* [TASK DIRECTIONS] The lines you return must be all those in the data that hold the string "Online".

* [RECORDS SUPPLIED]
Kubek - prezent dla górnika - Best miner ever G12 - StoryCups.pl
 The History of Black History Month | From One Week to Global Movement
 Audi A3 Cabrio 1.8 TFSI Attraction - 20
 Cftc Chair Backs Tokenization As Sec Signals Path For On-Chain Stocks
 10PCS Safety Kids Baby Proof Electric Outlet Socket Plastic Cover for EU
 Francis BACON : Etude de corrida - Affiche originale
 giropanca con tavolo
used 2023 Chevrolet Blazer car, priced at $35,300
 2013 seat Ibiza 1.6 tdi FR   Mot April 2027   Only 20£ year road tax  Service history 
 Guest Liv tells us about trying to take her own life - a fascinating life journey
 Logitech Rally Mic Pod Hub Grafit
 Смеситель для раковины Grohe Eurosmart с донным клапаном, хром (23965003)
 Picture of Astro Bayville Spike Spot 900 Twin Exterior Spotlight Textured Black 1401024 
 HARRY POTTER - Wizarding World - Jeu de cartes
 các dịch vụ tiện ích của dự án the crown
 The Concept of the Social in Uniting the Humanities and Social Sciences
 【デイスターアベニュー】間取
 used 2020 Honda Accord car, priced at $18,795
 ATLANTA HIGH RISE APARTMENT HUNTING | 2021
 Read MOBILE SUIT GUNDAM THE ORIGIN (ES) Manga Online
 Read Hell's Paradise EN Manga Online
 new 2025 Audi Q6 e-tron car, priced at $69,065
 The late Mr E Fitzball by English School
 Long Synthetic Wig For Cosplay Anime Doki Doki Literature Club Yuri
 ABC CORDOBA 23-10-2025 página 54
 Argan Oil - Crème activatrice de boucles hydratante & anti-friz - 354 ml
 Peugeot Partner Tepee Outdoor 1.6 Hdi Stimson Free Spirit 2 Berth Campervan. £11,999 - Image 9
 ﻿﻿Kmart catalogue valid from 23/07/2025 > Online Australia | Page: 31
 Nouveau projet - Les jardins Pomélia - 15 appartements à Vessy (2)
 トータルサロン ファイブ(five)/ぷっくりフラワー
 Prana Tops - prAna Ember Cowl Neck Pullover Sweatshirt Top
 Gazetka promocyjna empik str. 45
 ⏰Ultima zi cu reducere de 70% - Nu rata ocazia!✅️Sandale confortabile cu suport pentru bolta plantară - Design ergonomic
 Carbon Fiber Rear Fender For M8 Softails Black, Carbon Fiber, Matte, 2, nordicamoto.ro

* [ANSWER SPACE]
 Read MOBILE SUIT GUNDAM THE ORIGIN (ES) Manga Online
 Read Hell's Paradise EN Manga Online
 ﻿﻿Kmart catalogue valid from 23/07/2025 > Online Australia | Page: 31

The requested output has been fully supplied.